En su cruzada por “poner fin al CAE”, el Gobierno ha presentado un proyecto de ley que, lejos de ser un avance real, amenaza con agravar el problema del endeudamiento estudiantil. El nuevo Sistema de Financiamiento de Estudios Superiores (FES) se promociona como una solución justa y progresiva, pero sus fundamentos y recientes indicaciones dejan ver graves falencias técnicas y financieras.
El corazón del proyecto es, en la práctica, un impuesto al trabajo calificado. Bajo la retórica solidaria, el FES obliga a devolver montos retenidos sobre ingresos futuros que, en muchos casos, superan el costo real de la carrera cursada. Así, quienes logren mejores sueldos terminarán pagando más de lo que costó su educación, generando un sobrepago que no se destinará a fortalecer las instituciones ni a mejorar la calidad, sino a los ingresos generales del Estado. Es decir, un impuesto disfrazado de política educacional.
Si bien el Gobierno ha intentado acotar este sobrepago estableciendo un tope máximo de 3,5 veces el arancel regulado, la medida no soluciona el problema de fondo: el FES sigue siendo, en esencia, un impuesto, que solo alivia a un grupo reducido de deudores. La mayoría terminará pagando en condiciones menos favorables que las actuales del CAE.
A esta fragilidad técnica se suma la preocupante improvisación en las cifras. Al llegar el proyecto a la Comisión de Hacienda de la Cámara de Diputados, la propia Directora de Presupuestos reconoció presentar un informe financiero desactualizado, comprometiéndose a entregar datos corregidos en otra sesión. Más grave aún, tras las nuevas indicaciones, los supuestos originales discutidos en la mesa técnica han cambiado, pero el Ejecutivo sigue sin remitir información actualizada. Esa falta de rigor erosiona la confianza en una reforma de tan alto impacto fiscal y social.

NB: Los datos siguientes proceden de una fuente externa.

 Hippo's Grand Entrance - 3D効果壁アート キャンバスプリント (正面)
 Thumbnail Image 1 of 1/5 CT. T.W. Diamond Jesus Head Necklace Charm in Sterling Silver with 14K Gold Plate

Además, el proyecto arrastra el mismo defecto que la gratuidad: asfixia financieramente a las instituciones de educación superior. Los aranceles regulados están fijados por debajo del costo real de los programas y la restricción del crecimiento de matrícula ha dejado a muchas universidades al borde del estrés financiero. Con el FES, este esquema se extiende a todos los deciles, incrementando el déficit institucional y amenazando gravemente la autonomía universitaria, que quedará cada vez más sujeta a criterios políticos y discrecionales.
Las indicaciones recientes no corrigen estos vicios. Permitir financiamiento parcial (50%, 75% o 100%) solo introduce mayor complejidad, sin ofrecer verdadera flexibilidad a estudiantes de clase media que podrían requerir ajustar sus niveles de deuda año a año. Además, se fijan cupos limitados, transformando un sistema antes de libre acceso en uno restrictivo, dejando fuera a potenciales beneficiarios por razones puramente presupuestarias. Algo que se anunció con bombos y platillos como un sistema universal, terminó siendo restringido por sus propios autores.
En definitiva, el FES no elimina la deuda estudiantil, sino que la transforma en una obligación fiscal sobre los hombros de los egresados y perpetúa las dificultades financieras de las instituciones. Con este diseño, el Estado no crea un sistema más equitativo ni sustentable: apenas cambia el nombre de la deuda, mientras incrementa su costo y profundiza la fragilidad del sistema de educación superior. Persistir en el camino actual es legislar sobre una ilusión que, al final, podría costar demasiado caro.